Well, the warm weather’s certainly taking its time to rouse itself.
I’ve just popped out to the village shops and a biting wind took me quite by surprise as I got out of the car.
After last week’s warm weather excitement, I’d started gearing myself up for some lighter cooking this week, but it seems like the slowcooker has earned itself another week’s freedom before heading into the cupboard until the Autumn.
Certainly for me, the weather affects my cooking enormously – miserable, blustery days demand satisfying comfort food, and blistering hot blue skies mean I won’t be standing over the stove much.
A quick grilling or, better still, barbecue-ing of something, and a tasty salad is all I’ll bother with.
For me, what I drink, like the food I eat, varies much according to the weather.
Wine-wise, in the colder months I find I put away much more red wine and dark spirits than in the Summer, when I’m all over the bone-dry rosés, crisp whites and gin drinks.
I’m no great beer drinker, but occasionally get a hankering, and the seasons affect my thirsts here, too.
Summer is about low-ABV amber ales, good lagers and nice crisp cider, and as the cold weather approaches, I find myself craving darker ales, bitters and stouts.
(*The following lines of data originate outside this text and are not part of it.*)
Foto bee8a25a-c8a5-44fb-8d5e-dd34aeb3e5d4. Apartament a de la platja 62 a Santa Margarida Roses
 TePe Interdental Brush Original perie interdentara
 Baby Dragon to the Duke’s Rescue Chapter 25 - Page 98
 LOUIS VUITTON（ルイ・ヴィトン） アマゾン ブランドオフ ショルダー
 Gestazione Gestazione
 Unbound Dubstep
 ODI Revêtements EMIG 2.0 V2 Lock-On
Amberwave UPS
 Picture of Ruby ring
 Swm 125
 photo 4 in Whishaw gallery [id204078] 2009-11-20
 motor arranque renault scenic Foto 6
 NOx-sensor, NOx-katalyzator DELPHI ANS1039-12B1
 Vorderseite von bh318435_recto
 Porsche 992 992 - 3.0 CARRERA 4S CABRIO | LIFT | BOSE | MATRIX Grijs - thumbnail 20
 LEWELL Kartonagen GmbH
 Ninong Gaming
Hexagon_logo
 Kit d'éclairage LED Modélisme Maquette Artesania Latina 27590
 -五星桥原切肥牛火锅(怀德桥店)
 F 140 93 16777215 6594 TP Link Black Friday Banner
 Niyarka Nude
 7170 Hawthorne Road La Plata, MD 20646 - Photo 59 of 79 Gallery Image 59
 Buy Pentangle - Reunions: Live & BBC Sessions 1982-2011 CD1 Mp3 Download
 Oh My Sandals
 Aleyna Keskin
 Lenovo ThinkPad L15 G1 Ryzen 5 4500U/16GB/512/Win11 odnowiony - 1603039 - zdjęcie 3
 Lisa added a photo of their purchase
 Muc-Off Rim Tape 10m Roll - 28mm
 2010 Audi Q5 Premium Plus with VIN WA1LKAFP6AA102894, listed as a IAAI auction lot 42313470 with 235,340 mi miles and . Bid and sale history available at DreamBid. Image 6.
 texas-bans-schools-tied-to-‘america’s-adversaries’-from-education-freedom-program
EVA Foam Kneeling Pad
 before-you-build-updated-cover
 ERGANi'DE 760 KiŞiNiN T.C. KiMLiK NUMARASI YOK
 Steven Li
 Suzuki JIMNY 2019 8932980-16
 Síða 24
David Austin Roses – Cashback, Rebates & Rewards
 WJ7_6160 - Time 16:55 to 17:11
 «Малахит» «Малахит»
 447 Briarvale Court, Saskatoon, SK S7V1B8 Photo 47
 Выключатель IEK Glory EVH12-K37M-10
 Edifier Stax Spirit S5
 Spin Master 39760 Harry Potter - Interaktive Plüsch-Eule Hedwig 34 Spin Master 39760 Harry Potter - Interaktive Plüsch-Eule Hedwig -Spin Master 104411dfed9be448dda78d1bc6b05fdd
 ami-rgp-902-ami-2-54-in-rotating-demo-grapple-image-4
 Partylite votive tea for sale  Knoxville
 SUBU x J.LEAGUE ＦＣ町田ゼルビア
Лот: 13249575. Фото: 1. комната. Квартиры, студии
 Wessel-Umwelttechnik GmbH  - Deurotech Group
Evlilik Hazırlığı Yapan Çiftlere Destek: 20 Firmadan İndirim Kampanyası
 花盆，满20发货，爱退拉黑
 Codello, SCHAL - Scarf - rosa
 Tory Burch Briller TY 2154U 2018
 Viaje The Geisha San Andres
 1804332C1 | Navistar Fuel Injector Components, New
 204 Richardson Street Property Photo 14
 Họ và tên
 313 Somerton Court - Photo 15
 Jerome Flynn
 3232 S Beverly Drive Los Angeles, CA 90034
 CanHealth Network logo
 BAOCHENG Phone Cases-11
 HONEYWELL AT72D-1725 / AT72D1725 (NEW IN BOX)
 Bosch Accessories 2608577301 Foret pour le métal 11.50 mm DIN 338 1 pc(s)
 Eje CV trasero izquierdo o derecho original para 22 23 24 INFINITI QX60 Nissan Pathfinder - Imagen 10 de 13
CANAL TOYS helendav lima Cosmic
Which, conveniently, brings us to this week’s recipe, a delicious chocolate cake made with a rich, tasty stout.
Beer has been used in baking for many centuries, thanks largely to its wonderful leavening properties – think of those crispy, flavourful batters that one can make with lagers and golden ales.
And the rich, unique flavour of beers makes them perfect for stews, pies and casseroles.
The Belgian dish Carbonnade de Boeuf is one of my very favourites: chunks of tender beef in a rich sauce laced with tasty dark beer, topped with crisp croutons – gorgeous.
And a little beer in a fiery Texan chili certainly adds a new dimension.
In baking, too, a little beer here and there can make a really tasty difference, and this cake uses the rich, iron-y flavour of milk stout (so called because of the addition of the sweetener lactose) to permeate the batter, resulting in a dense, deeply chocolate-y cake with a little hint of that dark, magical ale.
Of course, you could select a dark beer rather than a stout, but here we’re really after a good flavour that can match the cocoa powder’s intensity.
I used a powerful stout, Brewdog’s ‘Jet Black Heart’, which really asserts itself, but any porter or stout, perhaps Guinness, will do fine.
To top the cake we’re making a standard cream cheese icing, which helps to cut through the richness with a welcome touch of cool, tangy dairy flavour and makes this a cake with a difference.
Pop open a bottle and let’s get baking shall we?
For the cake:
110g plain flour
225g unrefined golden caster sugar
60g cocoa powder
One teaspoon bicarbonate of soda
Half a teaspoon of Maldon salt
One large free-range egg
120ml soured cream
110g unsalted butter, melted and cooled
180ml good-quality artisan stout, at room temperature
For the icing:
125g softened butter
250g cream cheese
50g icing sugar
The seeds of one vanilla pod
A little milk (just in case)
1 x 9” cake tin, with removable base
Butter and flour, for lining the tin
Preheat the oven to 180°C / Gas 4.
Butter the base of the baking tin and line with baking parchment.
Butter the whole interior of the tin lightly and dust with a little plain flour.
Sift the flour and cocoa powder into a bowl and add the bicarb and the salt.
In a separate, large bowl, whisk together the eggs and the soured cream until smooth.
Whisk in the melted butter and the stout, tip in the sifted flour and fold the two mixtures together quickly but carefully.
Tip into the prepared tin and bake for about 35 minutes, or until a skewer inserted into the centre comes out clean.
Allow the cake to cool in the tin for five minutes, then run a knife around the edge to loosen it and transfer to a wire rack to cool completely.
While the cake is baking, prepare the icing.
Put the softened butter and cream cheese in the bowl of an electric mixer and beat on medium speed for about 10 minutes, until fluffy and light.
Reduce the speed to low and add the icing sugar and vanilla seeds, mixing until combined.
You’ll be looking for a good, thick icing that holds perfect peaks, so add a little milk if it’s too stiff.
When the cake is cold, pipe or spoon the icing on top of the cake and even it out to the edges with a palette knife.
Allow the icing to firm up a little before slicing the cake.
It’s lovely with a good strong cup of coffee.